■ **THE RECORDS**

○ ○ ○ ○ ○ ○ ○

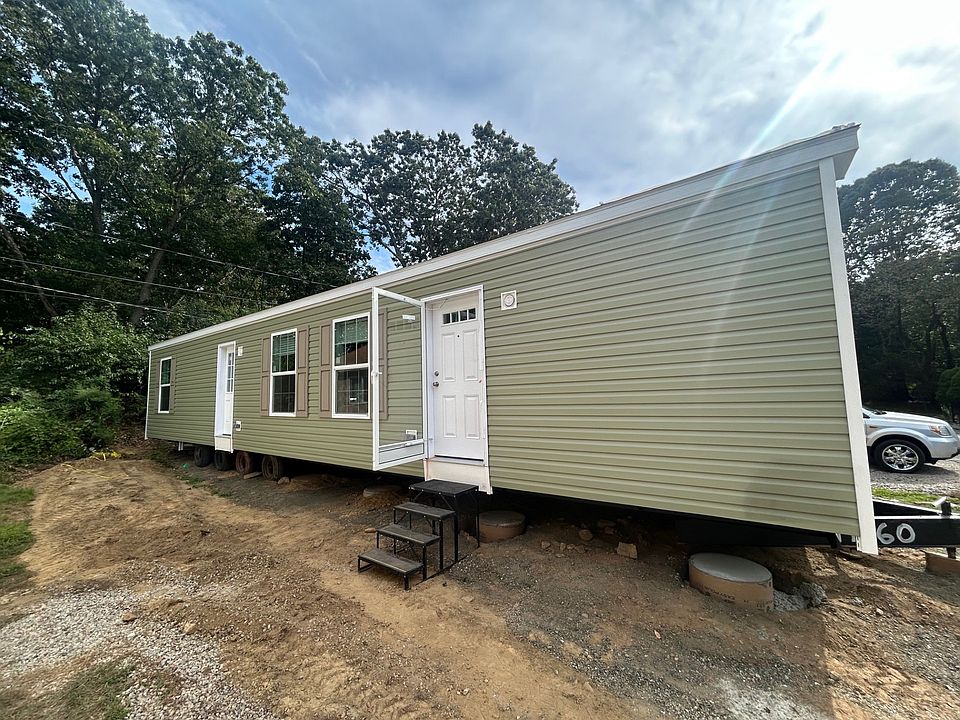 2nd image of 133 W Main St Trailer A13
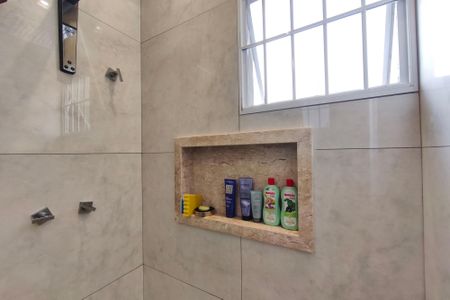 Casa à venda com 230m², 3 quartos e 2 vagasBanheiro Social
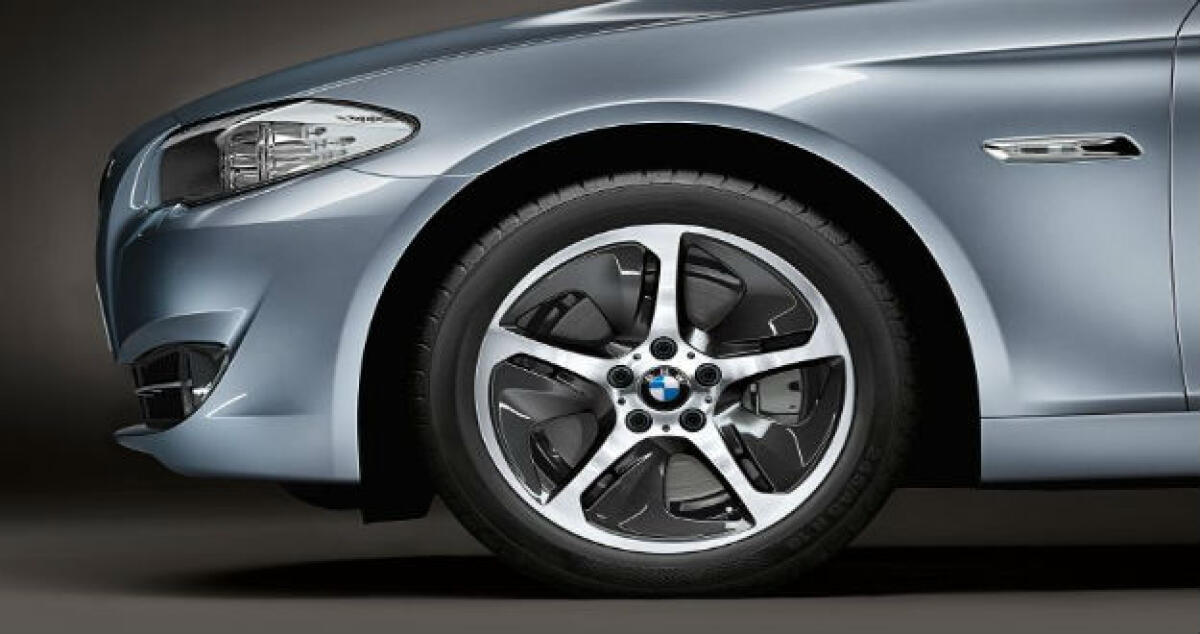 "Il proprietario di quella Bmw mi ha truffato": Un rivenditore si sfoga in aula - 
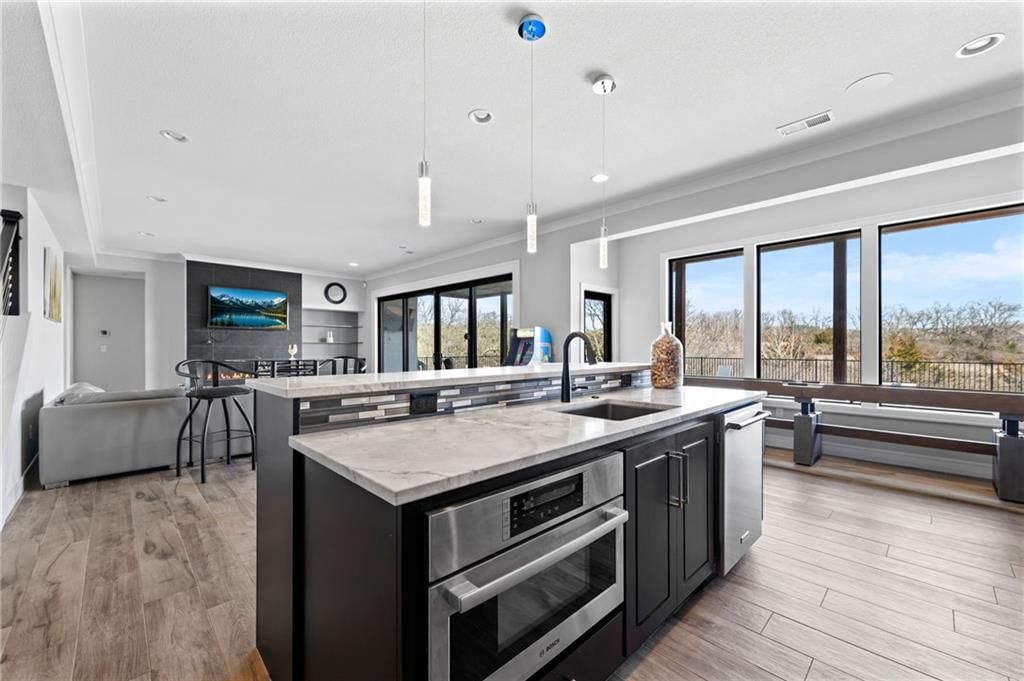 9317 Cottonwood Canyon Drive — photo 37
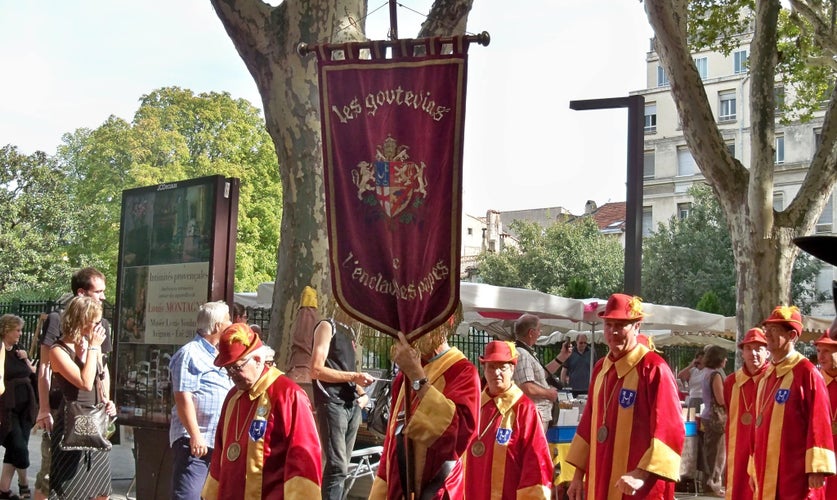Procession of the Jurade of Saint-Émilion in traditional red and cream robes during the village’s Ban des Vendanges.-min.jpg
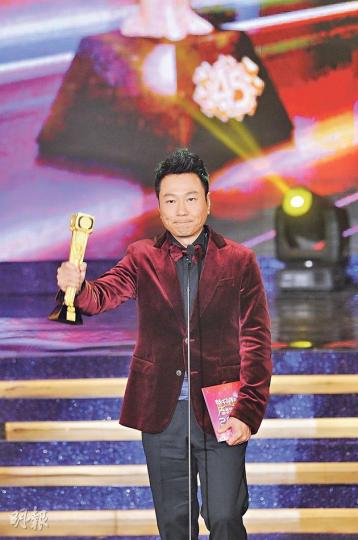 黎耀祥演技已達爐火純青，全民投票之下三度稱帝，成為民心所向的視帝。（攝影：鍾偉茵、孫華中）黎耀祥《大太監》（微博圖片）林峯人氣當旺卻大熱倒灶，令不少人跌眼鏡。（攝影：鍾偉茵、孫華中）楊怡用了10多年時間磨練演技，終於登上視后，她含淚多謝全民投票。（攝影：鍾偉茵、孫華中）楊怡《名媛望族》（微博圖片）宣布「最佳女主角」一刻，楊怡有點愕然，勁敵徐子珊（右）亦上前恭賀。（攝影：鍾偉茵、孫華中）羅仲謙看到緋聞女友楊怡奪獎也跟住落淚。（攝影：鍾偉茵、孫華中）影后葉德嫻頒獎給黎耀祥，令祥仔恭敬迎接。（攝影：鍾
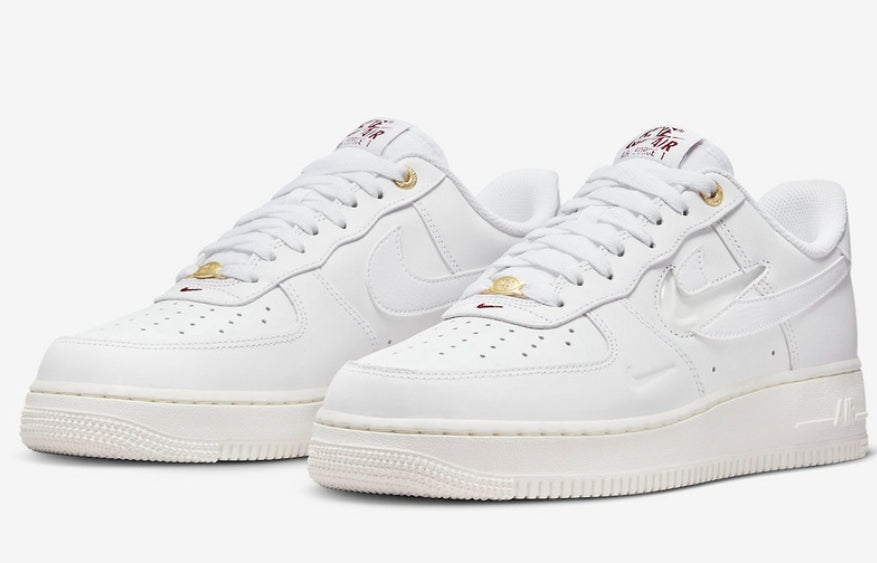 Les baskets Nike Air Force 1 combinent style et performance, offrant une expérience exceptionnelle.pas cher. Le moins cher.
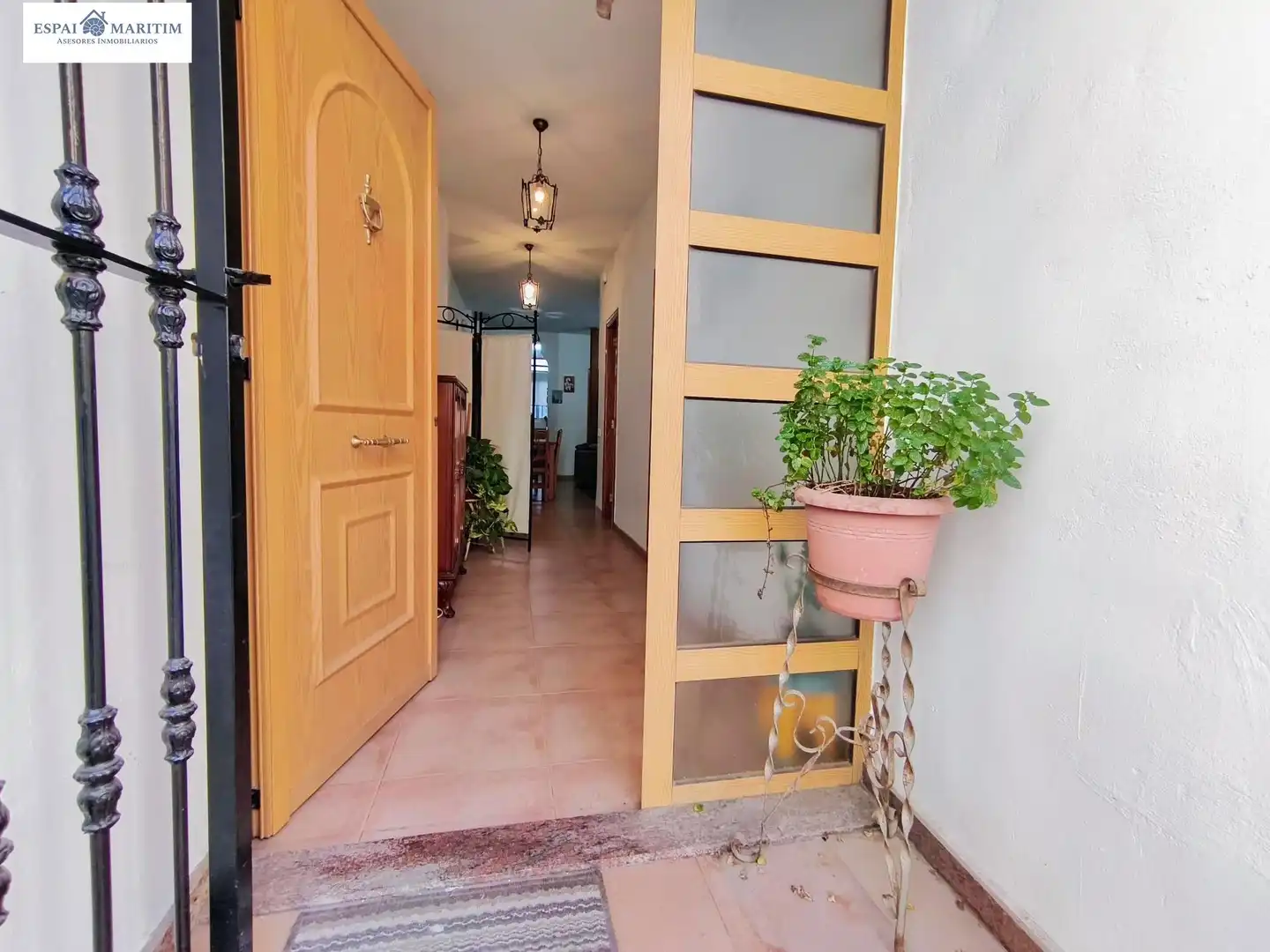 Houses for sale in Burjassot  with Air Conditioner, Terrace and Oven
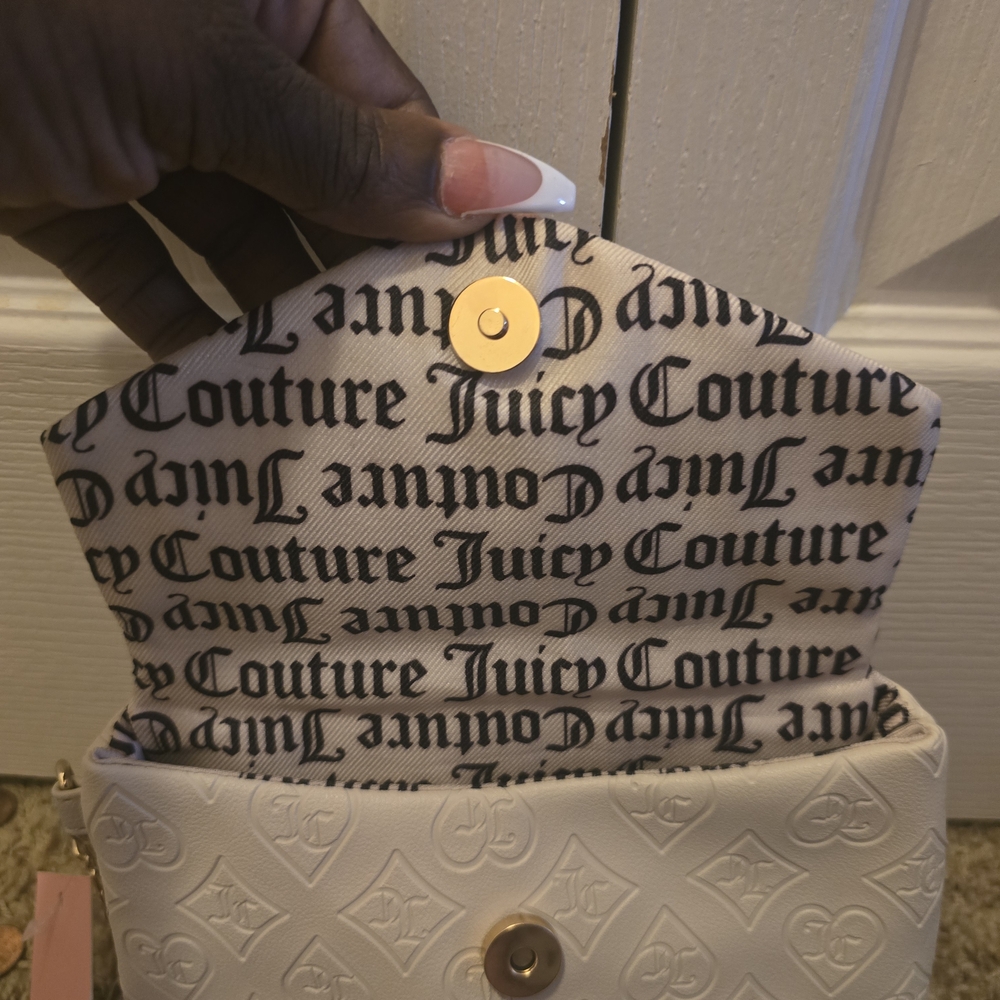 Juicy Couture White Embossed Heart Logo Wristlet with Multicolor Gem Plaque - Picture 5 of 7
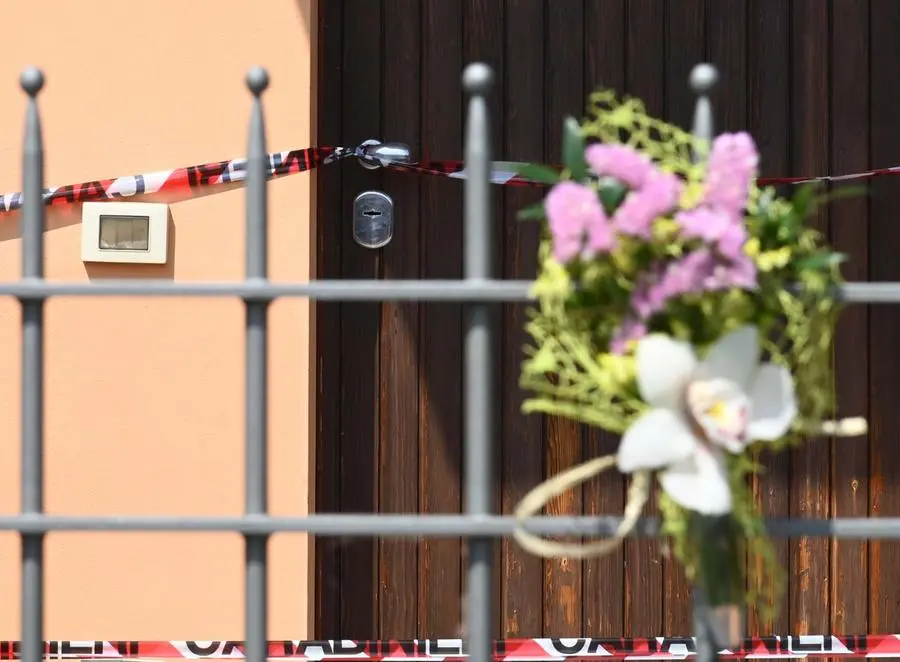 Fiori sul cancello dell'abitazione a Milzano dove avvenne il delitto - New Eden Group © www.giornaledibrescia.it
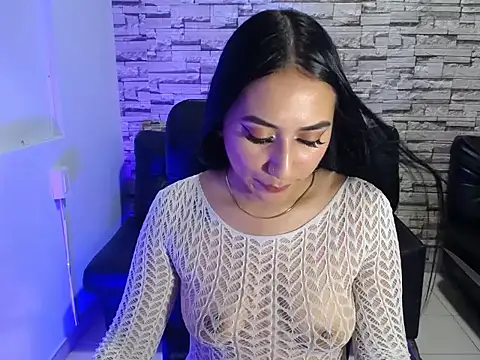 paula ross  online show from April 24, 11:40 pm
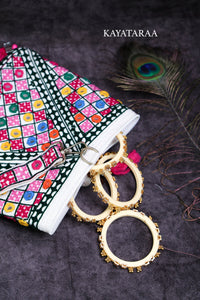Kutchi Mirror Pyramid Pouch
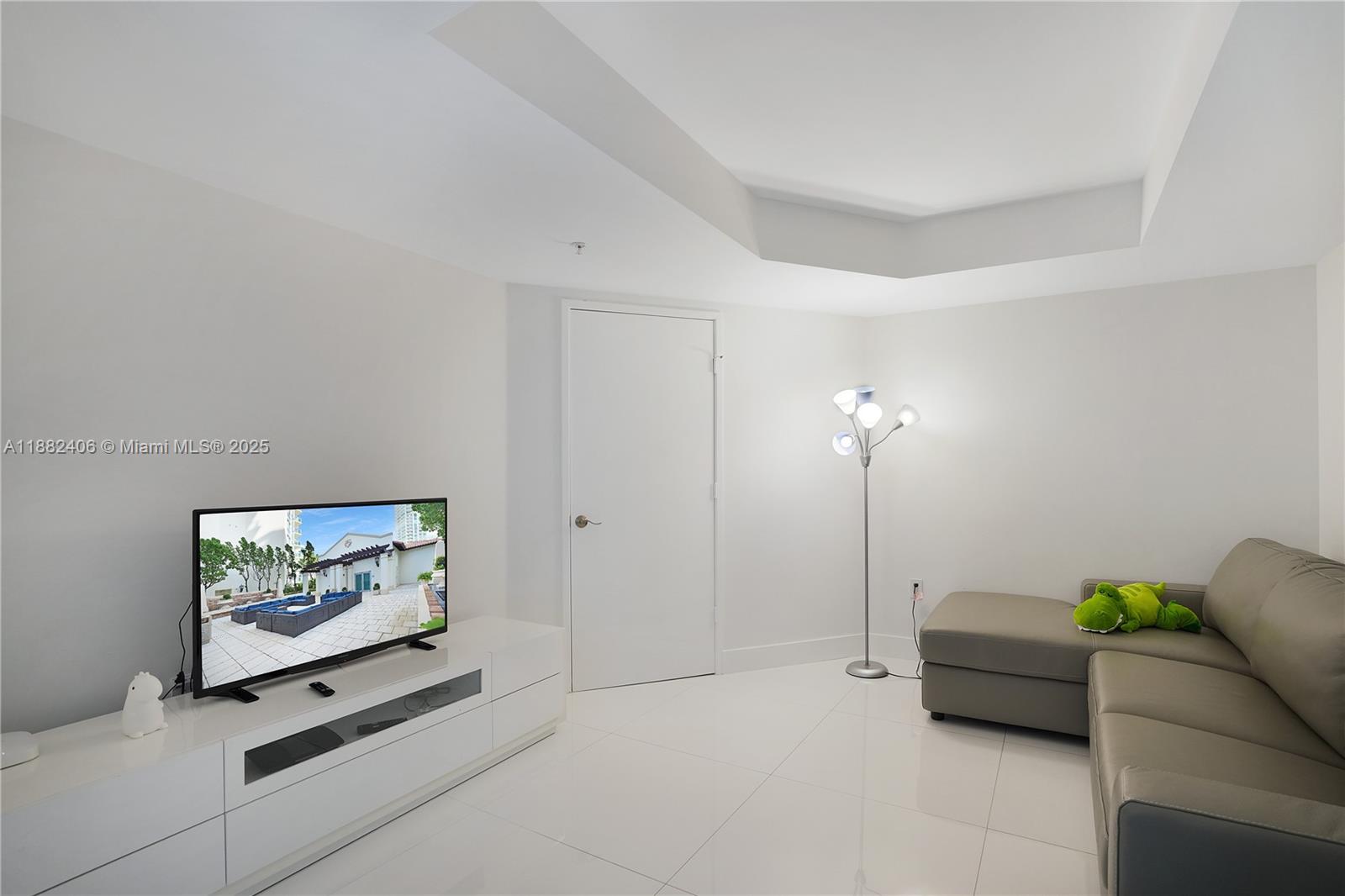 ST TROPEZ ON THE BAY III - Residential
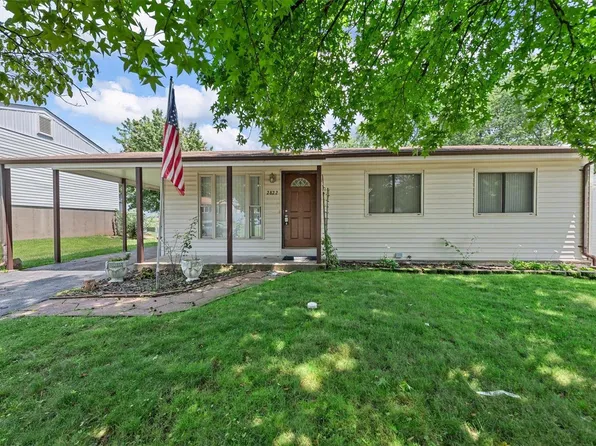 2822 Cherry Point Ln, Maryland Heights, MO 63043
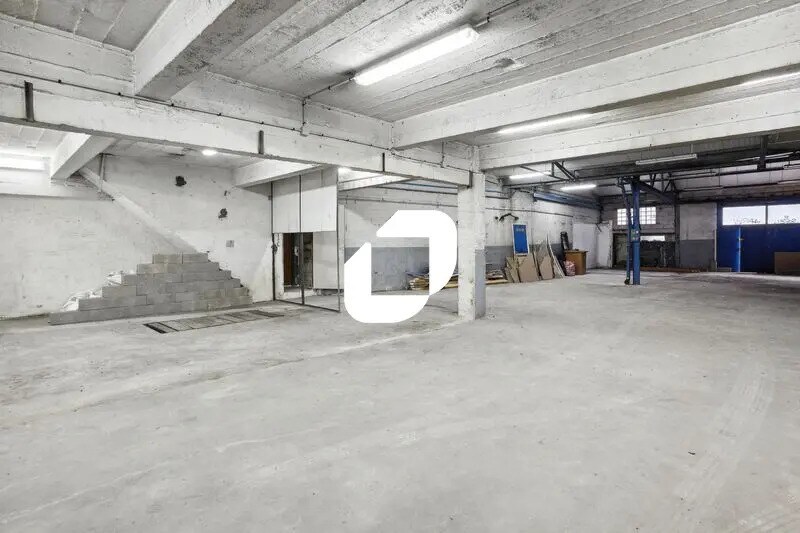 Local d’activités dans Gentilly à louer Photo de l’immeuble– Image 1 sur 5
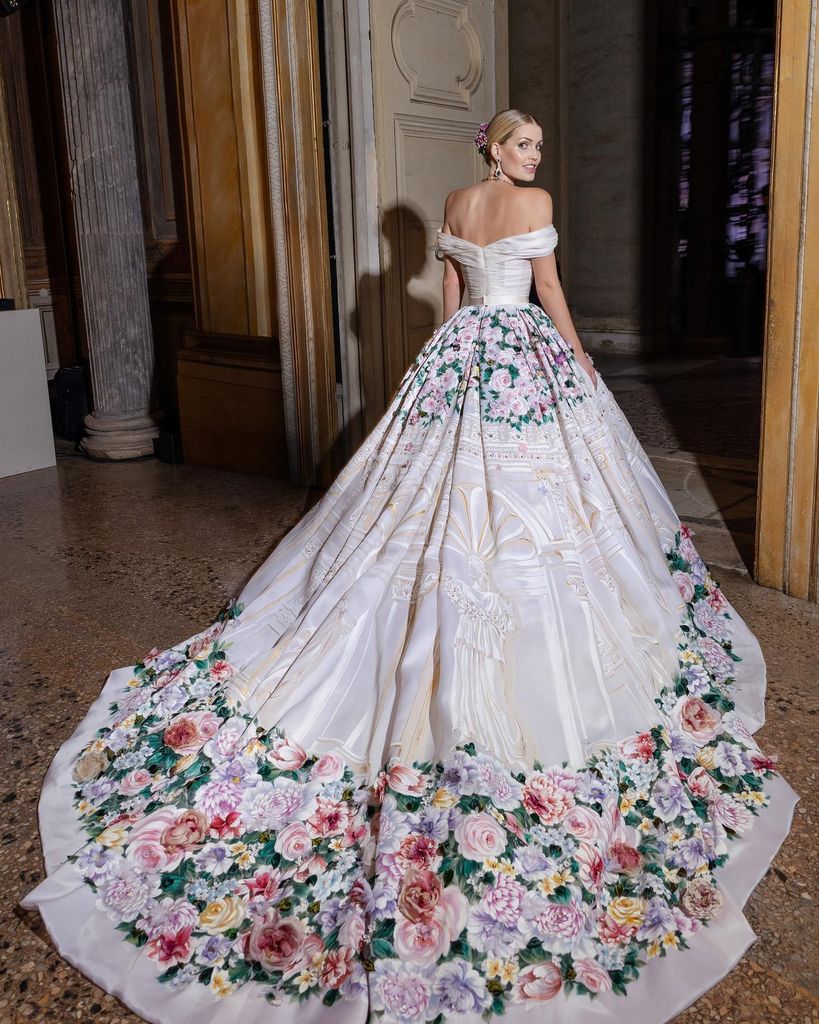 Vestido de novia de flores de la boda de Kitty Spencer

○ ○ ○ ○ ○ ○ ○

■ **PROBLEM TO WORK ON**
Return every entry unchanged and skip the pictures.

■ **EXERCISE RESPONSE**
 2nd image of 133 W Main St Trailer A13
 Casa à venda com 230m², 3 quartos e 2 vagasBanheiro Social
 "Il proprietario di quella Bmw mi ha truffato": Un rivenditore si sfoga in aula - 
 9317 Cottonwood Canyon Drive — photo 37
Procession of the Jurade of Saint-Émilion in traditional red and cream robes during the village’s Ban des Vendanges.-min.jpg
 黎耀祥演技已達爐火純青，全民投票之下三度稱帝，成為民心所向的視帝。（攝影：鍾偉茵、孫華中）黎耀祥《大太監》（微博圖片）林峯人氣當旺卻大熱倒灶，令不少人跌眼鏡。（攝影：鍾偉茵、孫華中）楊怡用了10多年時間磨練演技，終於登上視后，她含淚多謝全民投票。（攝影：鍾偉茵、孫華中）楊怡《名媛望族》（微博圖片）宣布「最佳女主角」一刻，楊怡有點愕然，勁敵徐子珊（右）亦上前恭賀。（攝影：鍾偉茵、孫華中）羅仲謙看到緋聞女友楊怡奪獎也跟住落淚。（攝影：鍾偉茵、孫華中）影后葉德嫻頒獎給黎耀祥，令祥仔恭敬迎接。（攝影：鍾
 Les baskets Nike Air Force 1 combinent style et performance, offrant une expérience exceptionnelle.pas cher. Le moins cher.
 Houses for sale in Burjassot  with Air Conditioner, Terrace and Oven
 Juicy Couture White Embossed Heart Logo Wristlet with Multicolor Gem Plaque - Picture 5 of 7
 Fiori sul cancello dell'abitazione a Milzano dove avvenne il delitto - New Eden Group © www.giornaledibrescia.it
 paula ross  online show from April 24, 11:40 pm
Kutchi Mirror Pyramid Pouch
 ST TROPEZ ON THE BAY III - Residential
 2822 Cherry Point Ln, Maryland Heights, MO 63043
 Local d’activités dans Gentilly à louer Photo de l’immeuble– Image 1 sur 5
 Vestido de novia de flores de la boda de Kitty Spencer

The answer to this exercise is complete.